Short web captions:
◆ ◆ ◆ ◆ ◆ ◆ ◆

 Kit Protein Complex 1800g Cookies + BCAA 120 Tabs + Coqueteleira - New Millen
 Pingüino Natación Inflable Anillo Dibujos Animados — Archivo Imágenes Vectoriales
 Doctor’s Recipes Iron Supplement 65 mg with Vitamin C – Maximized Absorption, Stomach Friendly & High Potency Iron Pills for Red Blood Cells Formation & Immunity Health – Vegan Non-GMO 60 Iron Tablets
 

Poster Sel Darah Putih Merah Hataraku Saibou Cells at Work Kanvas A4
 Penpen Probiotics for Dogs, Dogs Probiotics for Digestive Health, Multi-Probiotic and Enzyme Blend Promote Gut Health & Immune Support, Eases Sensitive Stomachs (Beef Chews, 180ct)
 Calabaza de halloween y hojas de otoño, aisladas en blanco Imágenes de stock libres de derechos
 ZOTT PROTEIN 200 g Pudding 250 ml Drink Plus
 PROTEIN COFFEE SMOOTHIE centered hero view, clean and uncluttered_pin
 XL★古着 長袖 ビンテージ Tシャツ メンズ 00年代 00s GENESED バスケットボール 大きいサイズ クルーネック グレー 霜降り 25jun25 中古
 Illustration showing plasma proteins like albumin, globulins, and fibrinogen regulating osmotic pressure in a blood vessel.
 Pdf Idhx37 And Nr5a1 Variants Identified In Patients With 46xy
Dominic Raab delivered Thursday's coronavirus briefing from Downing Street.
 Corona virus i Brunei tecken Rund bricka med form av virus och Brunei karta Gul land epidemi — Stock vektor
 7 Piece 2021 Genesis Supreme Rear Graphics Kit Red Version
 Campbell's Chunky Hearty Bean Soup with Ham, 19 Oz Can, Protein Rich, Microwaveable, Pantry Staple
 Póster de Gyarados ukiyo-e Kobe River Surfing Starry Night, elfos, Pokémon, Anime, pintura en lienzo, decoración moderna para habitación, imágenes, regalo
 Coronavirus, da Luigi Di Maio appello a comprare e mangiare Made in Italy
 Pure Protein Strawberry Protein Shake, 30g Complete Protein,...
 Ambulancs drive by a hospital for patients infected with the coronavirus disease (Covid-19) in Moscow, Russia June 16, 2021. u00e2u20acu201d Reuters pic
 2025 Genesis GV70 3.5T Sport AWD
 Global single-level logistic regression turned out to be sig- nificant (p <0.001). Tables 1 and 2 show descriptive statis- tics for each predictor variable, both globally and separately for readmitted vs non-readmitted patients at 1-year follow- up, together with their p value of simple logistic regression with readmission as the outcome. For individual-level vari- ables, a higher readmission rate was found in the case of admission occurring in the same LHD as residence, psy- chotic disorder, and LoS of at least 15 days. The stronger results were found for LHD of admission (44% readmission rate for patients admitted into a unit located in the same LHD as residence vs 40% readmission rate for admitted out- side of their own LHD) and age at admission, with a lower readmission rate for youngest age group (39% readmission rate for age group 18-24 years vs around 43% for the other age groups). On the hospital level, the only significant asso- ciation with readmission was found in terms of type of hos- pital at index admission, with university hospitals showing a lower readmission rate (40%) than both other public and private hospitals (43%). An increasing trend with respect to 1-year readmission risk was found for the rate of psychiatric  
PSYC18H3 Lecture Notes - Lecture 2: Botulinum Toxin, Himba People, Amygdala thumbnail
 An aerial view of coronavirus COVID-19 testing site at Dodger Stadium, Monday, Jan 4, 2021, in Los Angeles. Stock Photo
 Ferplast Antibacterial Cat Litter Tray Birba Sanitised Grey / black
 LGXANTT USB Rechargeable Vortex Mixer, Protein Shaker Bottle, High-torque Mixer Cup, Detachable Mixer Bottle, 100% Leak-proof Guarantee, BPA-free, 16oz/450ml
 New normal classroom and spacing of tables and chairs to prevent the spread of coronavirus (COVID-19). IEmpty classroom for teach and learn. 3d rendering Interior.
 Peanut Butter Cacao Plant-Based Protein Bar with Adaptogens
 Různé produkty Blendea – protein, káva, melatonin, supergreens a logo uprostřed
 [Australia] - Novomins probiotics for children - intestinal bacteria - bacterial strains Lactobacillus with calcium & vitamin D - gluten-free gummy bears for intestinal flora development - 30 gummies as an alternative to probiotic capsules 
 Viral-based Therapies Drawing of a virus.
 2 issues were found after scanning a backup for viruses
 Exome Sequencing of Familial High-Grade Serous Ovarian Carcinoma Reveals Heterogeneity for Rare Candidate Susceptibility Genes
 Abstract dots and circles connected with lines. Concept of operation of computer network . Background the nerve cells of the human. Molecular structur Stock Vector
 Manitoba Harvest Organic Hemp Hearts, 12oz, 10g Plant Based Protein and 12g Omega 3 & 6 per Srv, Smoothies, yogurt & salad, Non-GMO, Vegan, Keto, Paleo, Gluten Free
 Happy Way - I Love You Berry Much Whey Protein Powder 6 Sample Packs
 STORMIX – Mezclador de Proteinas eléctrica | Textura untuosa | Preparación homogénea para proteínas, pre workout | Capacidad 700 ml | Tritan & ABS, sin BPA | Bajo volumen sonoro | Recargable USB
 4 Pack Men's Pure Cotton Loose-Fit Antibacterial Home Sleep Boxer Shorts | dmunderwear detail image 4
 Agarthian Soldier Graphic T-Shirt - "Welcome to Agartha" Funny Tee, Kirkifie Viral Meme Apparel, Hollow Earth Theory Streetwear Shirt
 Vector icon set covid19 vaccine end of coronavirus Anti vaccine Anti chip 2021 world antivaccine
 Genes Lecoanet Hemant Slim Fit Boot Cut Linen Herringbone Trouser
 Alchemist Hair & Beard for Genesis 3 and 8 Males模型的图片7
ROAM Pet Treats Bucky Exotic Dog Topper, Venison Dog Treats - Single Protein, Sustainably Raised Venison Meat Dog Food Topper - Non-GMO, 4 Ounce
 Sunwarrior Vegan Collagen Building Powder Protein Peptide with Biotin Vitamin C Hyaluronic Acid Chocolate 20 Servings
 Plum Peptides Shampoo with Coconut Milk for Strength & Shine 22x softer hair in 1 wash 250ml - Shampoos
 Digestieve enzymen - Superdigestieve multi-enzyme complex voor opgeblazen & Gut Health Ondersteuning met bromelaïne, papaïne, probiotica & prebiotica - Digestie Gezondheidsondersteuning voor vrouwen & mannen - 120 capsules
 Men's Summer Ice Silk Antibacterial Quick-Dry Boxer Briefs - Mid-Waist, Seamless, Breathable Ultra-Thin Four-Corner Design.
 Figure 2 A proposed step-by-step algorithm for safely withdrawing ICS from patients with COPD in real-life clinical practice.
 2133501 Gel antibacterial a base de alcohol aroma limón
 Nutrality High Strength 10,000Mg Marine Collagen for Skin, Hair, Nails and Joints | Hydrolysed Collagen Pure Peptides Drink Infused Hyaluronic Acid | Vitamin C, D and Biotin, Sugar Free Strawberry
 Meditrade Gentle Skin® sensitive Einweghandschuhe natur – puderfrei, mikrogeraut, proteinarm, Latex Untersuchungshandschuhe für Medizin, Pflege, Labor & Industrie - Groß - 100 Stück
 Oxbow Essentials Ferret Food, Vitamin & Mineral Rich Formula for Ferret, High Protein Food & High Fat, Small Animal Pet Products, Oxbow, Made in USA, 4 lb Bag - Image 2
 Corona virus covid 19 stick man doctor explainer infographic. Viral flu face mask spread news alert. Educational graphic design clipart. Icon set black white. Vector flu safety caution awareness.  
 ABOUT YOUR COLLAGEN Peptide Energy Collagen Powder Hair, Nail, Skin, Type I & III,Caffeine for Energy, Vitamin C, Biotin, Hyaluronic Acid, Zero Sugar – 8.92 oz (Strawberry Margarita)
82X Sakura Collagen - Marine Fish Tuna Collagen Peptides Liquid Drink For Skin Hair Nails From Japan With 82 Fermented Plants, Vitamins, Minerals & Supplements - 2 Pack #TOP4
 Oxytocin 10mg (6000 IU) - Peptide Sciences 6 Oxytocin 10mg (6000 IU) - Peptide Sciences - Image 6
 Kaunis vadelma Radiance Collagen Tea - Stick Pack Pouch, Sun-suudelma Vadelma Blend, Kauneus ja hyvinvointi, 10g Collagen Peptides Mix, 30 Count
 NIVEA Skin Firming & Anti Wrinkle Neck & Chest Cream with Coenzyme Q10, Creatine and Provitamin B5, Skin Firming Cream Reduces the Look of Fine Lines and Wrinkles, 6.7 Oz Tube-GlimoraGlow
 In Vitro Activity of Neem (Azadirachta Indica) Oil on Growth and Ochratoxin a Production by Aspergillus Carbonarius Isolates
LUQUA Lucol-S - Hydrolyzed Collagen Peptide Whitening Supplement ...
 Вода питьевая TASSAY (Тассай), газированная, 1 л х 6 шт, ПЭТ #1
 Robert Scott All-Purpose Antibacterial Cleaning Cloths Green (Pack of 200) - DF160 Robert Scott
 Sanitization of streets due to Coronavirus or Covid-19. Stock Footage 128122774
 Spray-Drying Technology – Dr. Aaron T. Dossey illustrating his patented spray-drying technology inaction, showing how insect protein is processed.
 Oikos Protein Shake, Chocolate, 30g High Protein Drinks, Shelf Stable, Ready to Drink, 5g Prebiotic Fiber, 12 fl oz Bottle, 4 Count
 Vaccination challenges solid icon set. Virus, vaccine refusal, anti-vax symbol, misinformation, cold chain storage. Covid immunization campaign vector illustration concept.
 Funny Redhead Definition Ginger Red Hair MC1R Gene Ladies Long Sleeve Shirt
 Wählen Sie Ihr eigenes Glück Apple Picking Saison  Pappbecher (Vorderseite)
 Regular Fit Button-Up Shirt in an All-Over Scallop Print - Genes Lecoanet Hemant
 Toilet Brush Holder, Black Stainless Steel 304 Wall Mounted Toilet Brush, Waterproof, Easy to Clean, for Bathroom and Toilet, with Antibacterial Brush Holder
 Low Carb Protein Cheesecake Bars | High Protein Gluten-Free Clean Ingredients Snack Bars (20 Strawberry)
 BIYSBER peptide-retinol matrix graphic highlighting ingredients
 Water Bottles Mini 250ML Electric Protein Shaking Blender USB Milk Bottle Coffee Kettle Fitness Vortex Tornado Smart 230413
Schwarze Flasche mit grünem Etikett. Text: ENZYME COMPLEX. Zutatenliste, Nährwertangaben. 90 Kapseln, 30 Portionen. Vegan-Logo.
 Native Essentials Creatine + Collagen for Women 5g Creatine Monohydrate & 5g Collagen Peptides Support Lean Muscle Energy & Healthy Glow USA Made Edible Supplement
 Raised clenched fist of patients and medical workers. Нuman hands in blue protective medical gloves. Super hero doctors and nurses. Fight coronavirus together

◆ ◆ ◆ ◆ ◆ ◆ ◆

Work to complete: Lines from the first one above through the line containing "Calabaza de halloween" are to be retyped exactly, both included, and nothing more.

Output of the task:
 Kit Protein Complex 1800g Cookies + BCAA 120 Tabs + Coqueteleira - New Millen
 Pingüino Natación Inflable Anillo Dibujos Animados — Archivo Imágenes Vectoriales
 Doctor’s Recipes Iron Supplement 65 mg with Vitamin C – Maximized Absorption, Stomach Friendly & High Potency Iron Pills for Red Blood Cells Formation & Immunity Health – Vegan Non-GMO 60 Iron Tablets
 

Poster Sel Darah Putih Merah Hataraku Saibou Cells at Work Kanvas A4
 Penpen Probiotics for Dogs, Dogs Probiotics for Digestive Health, Multi-Probiotic and Enzyme Blend Promote Gut Health & Immune Support, Eases Sensitive Stomachs (Beef Chews, 180ct)
 Calabaza de halloween y hojas de otoño, aisladas en blanco Imágenes de stock libres de derechos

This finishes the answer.